# Are my Loaches Hyperactive?



## Thalamus (Jul 7, 2011)

*Are my Loaches Healthy?*

I'm new to the aquarium hobby in general, and I'm especially new to keeping fish (I'm more of an invertebrate guy), but recently, I decided to take the plunge and buy some loaches (weather/dojo loaches, I believe), partly to keep the sand in my aquarium well-mixed, and partly because when I saw them in the petstore, I loved the eel-ish way they slithered around. I bought three, and now I've had them for over twenty-four hours, so I think they've adjusted to the tank.

The thing that worries me slightly is that they never seem to stop moving. For the first twenty-four hours, I would only occasionally see one of them hanging around out of cover, but now, they've started squiggling around like mad all over the place, and it seems like they're constantly on the move. Is this normal loach behavior, or is there something wrong with their environment that they're trying to swim away from?


----------



## holly12 (Apr 21, 2011)

I've read that Weather Loaches can sense strong barometric changes - hence the name - and will go nuts..... any storms forecasted for your area? (Keep a lid on the tank, or they may jump).

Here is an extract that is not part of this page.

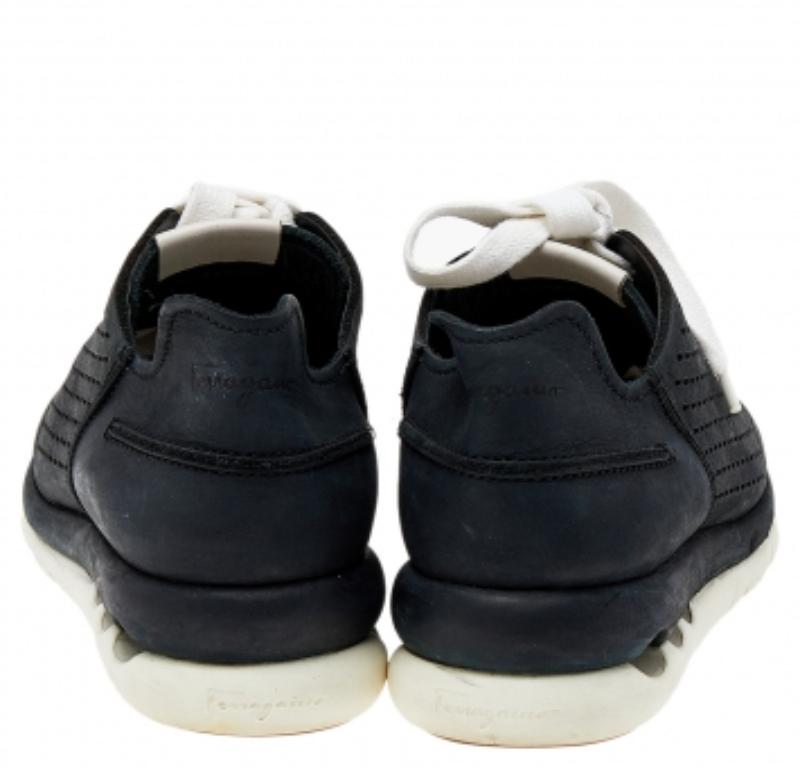 Salvatore Ferragamo - Baskets basses en cuir noir - Taille 38 1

I've also read that they can at times just be very active.


----------



## Thalamus (Jul 7, 2011)

holly12 said:


> I've read that Weather Loaches can sense strong barometric changes - hence the name - and will go nuts..... any storms forecasted for your area? (Keep a lid on the tank, or they may jump).
> 
> I've also read that they can at times just be very active.


Well, it's summer here in North Carolina, so the weather is pretty unpredictable. That might've been what had them worked up, because this morning they've settled down.


----------



## majerah1 (Oct 29, 2010)

Agreed with Holly.
I am loving the summer storms myself,my fish are breeding like mad!


----------